Papa essaya de nous réconcilier. Je sais qu’il voulait mon bien et que rien d’autre ne lui importait. Cependant, je sais qu’il n’était pas d’accord. Il me demanda si j’étais sûre, absolument sûre que j’étais comme ça et que c’était ce que je voulais.

– La question n’est pas de savoir ce que je veux, lui dis-je, mais ce que je suis. Je ne peux pas maîtriser ça, comme maman le croit. Je n’ai rien fait pour être homosexuelle, mais je n’ai pas essayé non plus d’entreprendre quoi que ce soit contre. Je suis seulement moi-même.

Papa m’a regardée et j’ai su tout de suite que tout irait bien entre nous.

– Personne ne doit essayer d’être autrement qu’il est, dit-il en souriant.
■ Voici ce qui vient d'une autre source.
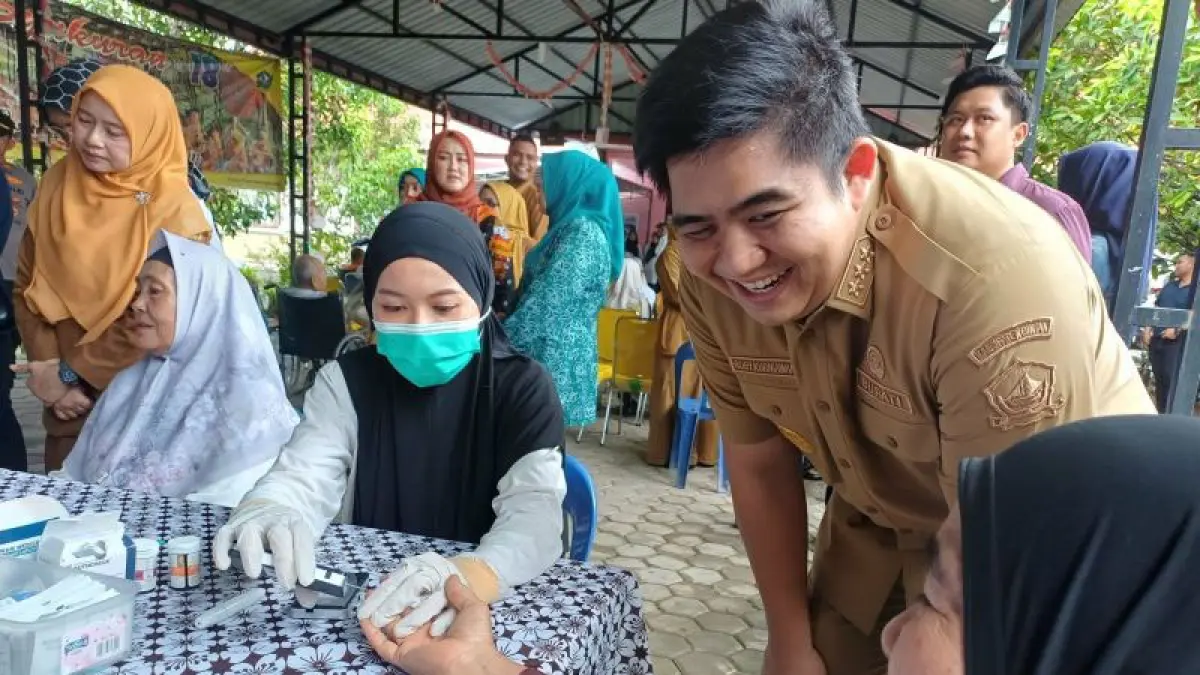 Bupati Bintan Roby Kurniawan meninjau pemeriksaan kesehatan gratis warga lanjut usia di Rumah Bahagia Lansia di Kecamatan Gunung Kijang, Kabupaten Bintan, Kepri, Senin (26/5/2026). ANTARA/Ogen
Je me suis enfuie de la maison lorsque j’ai commencé mes études universitaires. J’ai obtenu une bourse et j’ai loué une chambre tout près de l’université. Les relations avec maman se sont constamment détériorées jusqu’au jour où nous avons cessé de nous parler. Papa est tombé malade et les médecins n’ont rien pu faire pour lui. Son agonie a duré une semaine. J’ai été tout le temps auprès de lui, et maman aussi. Nous avons conclu un armistice pour pouvoir nous occuper de lui. La dernière chose qu’il a faite a été d’essayer de nous réconcilier. Après sa mort, les choses ont repris leur cours.
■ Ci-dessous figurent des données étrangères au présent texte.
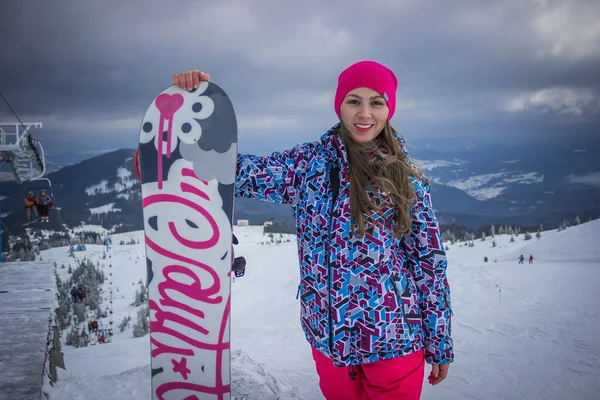 Dragobrat, Oekraïne - 26 december 2018: Jongens en meisjes skiën en snowboarden — Stockfoto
N’importe comment, tout le monde savait au département d’études juridiques que j’étais homosexuelle. Je sais que les garçons trouvaient ça excitant. Je le sais parce qu’ils me l’ont dit et que certains ont même tenté leur chance avec moi de cette manière grossière, ennuyeuse et scabreuse qui n’appartient qu’à ceux qui croient qu’être lesbienne, c’est la même chose que d’être une reine du porno. Certaines filles me traitaient avec circonspection. Tout le monde s’efforçait d’être ouvert. J’étais la seule lesbienne de mon année, mais je savais qu’il y en avait quelques autres à l’université car nous formions notre petit groupe. Avec l’une d’entre elles, Katrín, nous avons été colocataires pendant un certain temps. Ça allait super bien au début et ensuite il s’est trouvé qu’on était trop différentes. C’était une militante fanatique des droits des homosexuels et elle ameutait les gens à droite et à gauche, elle passait à la télé et dans tous les médias en général en faisant des déclarations à propos de tout, et elle était dans le comité directeur de la fédération. Je l’ai laissée quand son activisme a commencé à se manifester envers moi par toutes sortes d’insinuations malveillantes, comme quoi en réalité je ne participais pas à la “lutte” parce que je n’étais qu’une “tiédasse”. Peu après, j’ai décidé d’aller aux États-Unis.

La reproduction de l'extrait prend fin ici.